Dalam surat kepada Kementerian Luar Negeri Uni Emirat Arab, Kedutaan Besar Brasil di Abu Dhabi mengatakan bahwa mereka akan bergabung dengan kesepakatan yang berjudul "Janji Target Energi Terbarukan dan Efisiensi Energi Global."
Selain itu, seorang juru bicara Kementerian Luar Negeri Brasil mengonfirmasi bahwa negara tersebut telah memutuskan untuk bergabung dengan pakta tersebut. Untuk diketahui, Brasil sudah menjadi pemain utama dalam energi baru terbarukan.

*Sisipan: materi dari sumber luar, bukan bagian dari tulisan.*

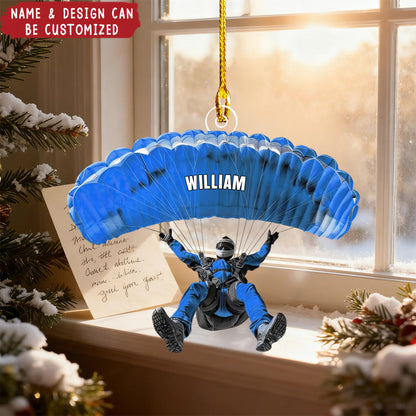 Acrylic Ornament detail view for Son/Grandson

Lebih dari 80% listrik negara ini berasal dari sumber-sumber terbarukan, yang dipimpin oleh tenaga air, dengan energi surya dan angin yang berkembang pesat.

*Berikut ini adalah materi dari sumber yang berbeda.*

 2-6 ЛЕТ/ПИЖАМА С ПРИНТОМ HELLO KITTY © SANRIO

Sementara itu, Juru Bicara Kementerian Luar Negeri Brasil mengatakan meskipun negaranya mendukung peningkatan energi terbarukan hingga tiga kali lipat secara global, secara matematis hal ini tidak mungkin dilakukan di dalam negeri.
"Brasil tidak akan mampu melipatgandakan energi terbarukannya sendiri karena sudah sangat tinggi. Namun, Brasil sekali lagi memperkuat dukungannya untuk energi terbarukan," ujarnya seperti dikutip dari Reuters, Senin (27/11).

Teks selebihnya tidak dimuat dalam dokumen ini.